John Nolte writes at Breitbart that the Weekly Standard is in trouble. The flagship of pop Neoconservatism has been the home of Never-Trumpers since the campaign. But how many anti-Trump media outlets do you really need when 95% of The Elite Media Monoculture is aligned against Trump? You can’t escape the constant Trump derangement Syndrome from every corner of the media, so why did they think that they would be able to survive in a saturated media market?
The easiest way to sum up the failure of the Weekly Standard is this: Why would anyone on the right offer financial support to the Weekly Standard when CNN will call us a racist for free? And why would anyone on the left offer financial support to the Weekly Standard when CNN will call us a racist for free?
Sarcasm aside, that is the Weekly Standard’s primary problem.
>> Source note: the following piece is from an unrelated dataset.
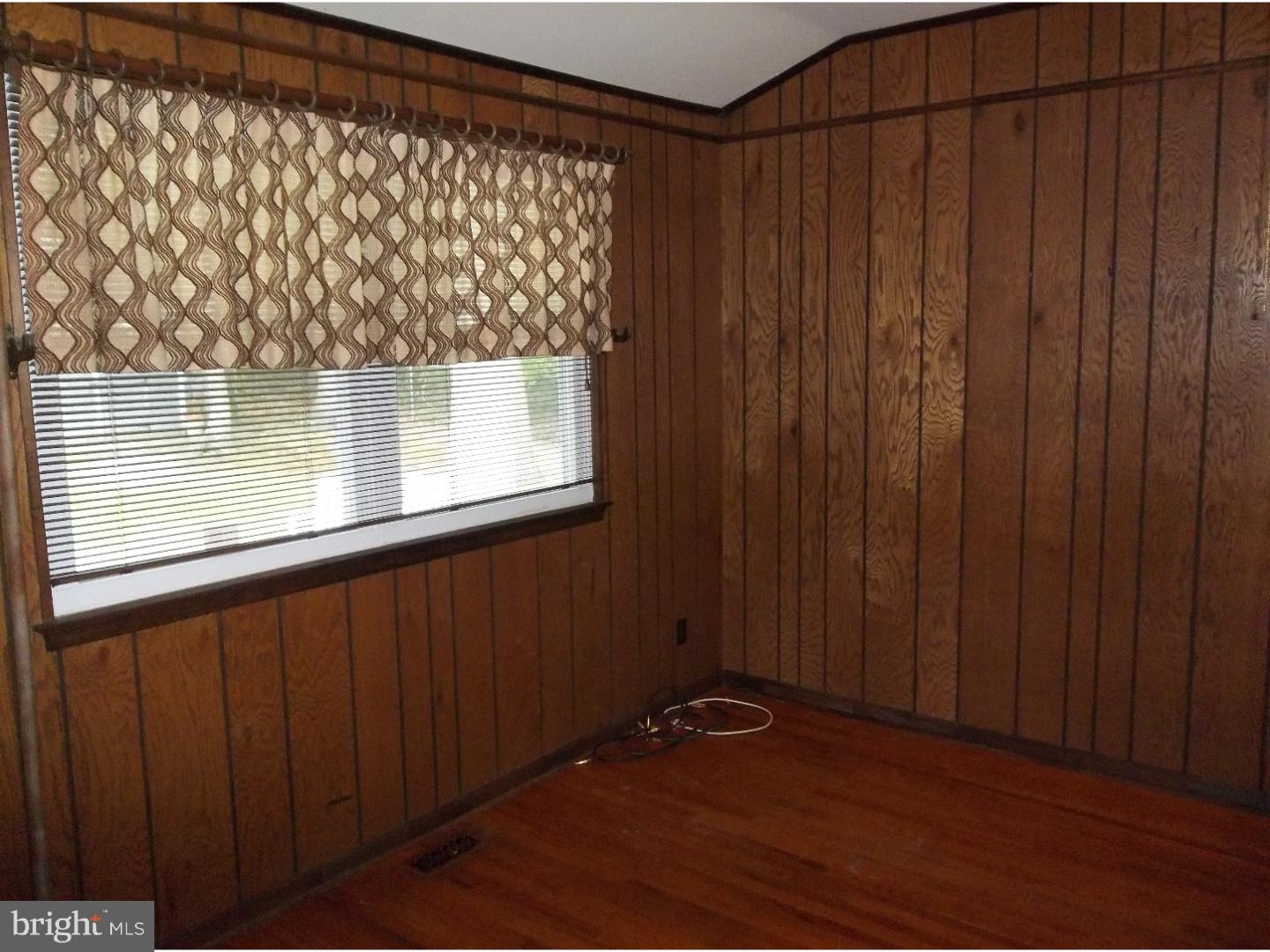 2151 Cooper Road Atco, NJ 08004 - Photo 11 of 25 Family Room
In the age of Trump, the publication offers nothing we cannot get everywhere else in the elite media, nothing we cannot find at the far-left Washington Post, MSNBC, New York Times, CNN, etc.
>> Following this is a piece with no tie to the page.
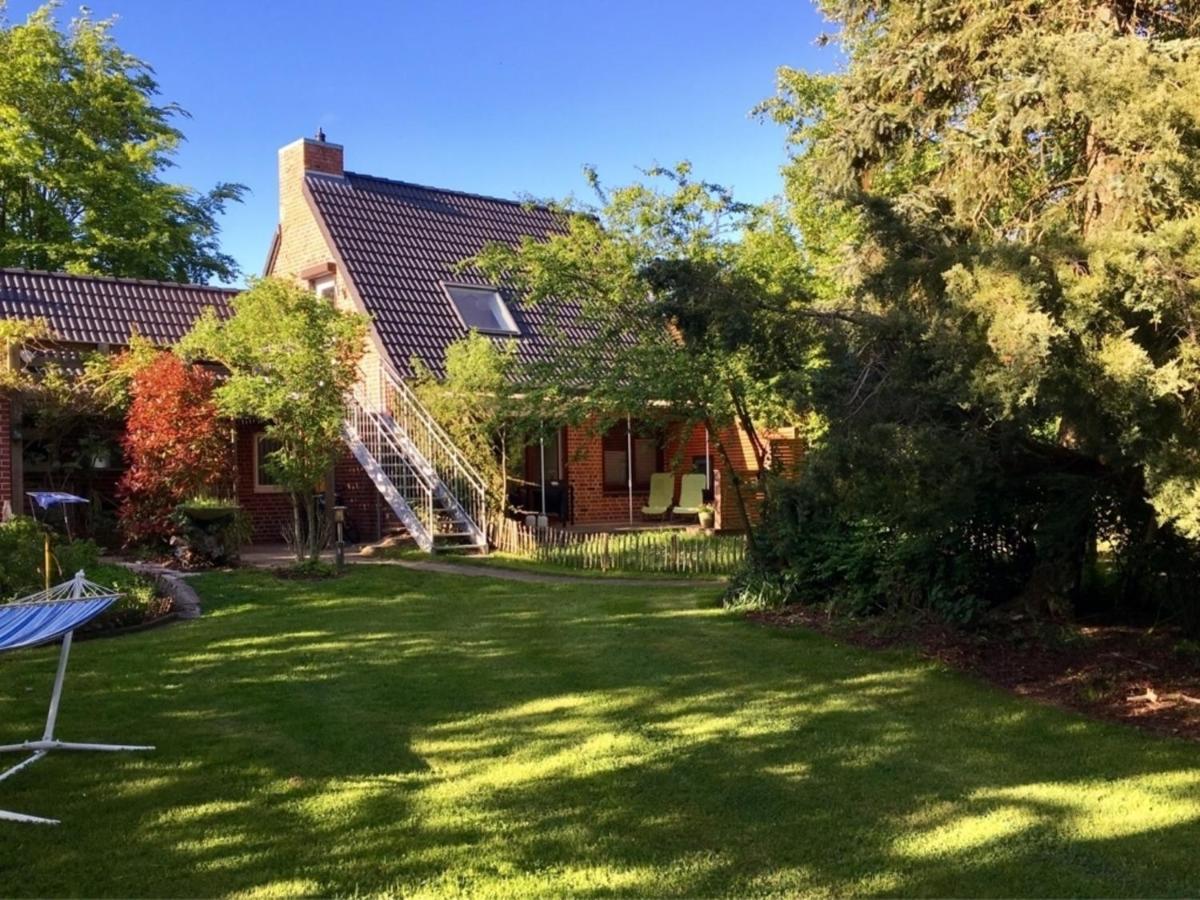 Ferienhaus An Der Buche "Sternenblick" Neue Tiefe Fehmarn Esterno foto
Smug virtue-signaling and superior Trump-bashing are the cheapest commodities in today’s news business. They are literally everywhere. And so, instead of offering a unique voice and perspective in an ocean of left-wing media, the Weekly Standard instead chose to sit in the middle of this ocean and sell saltwater.
Even those in the establishment media lamenting the loss of the Weekly Standard are all spewing some variation of the same thing: “An important conservative voice opposing Trump.”
Sure, we all understand why the corrupt media found this “important voice” valuable: it allowed them to exploit the Weekly Standard and its contributors as a club against Trump from the right, and there is no species on earth the media find more useful than a narcissistic Republican bashing one of his own.
Regardless, the media’s ability to use the Weekly Standard as a propaganda weapon did not make the Weekly Standard more interesting to the everyday news and opinion consumer. In fact, the Weekly Standard became so predictable in its reactionary response to all things Trump (and his supporters), so predictable, it ceased to be interesting (a problem the Weekly Standard shares with last-place CNN).
I don’t do boycotts, so I did not stop visiting the Weekly Standard for any other reason than I lost interest. The publication’s decision to sell out, to conform with the elite media, made it dull and wholly unnecessary.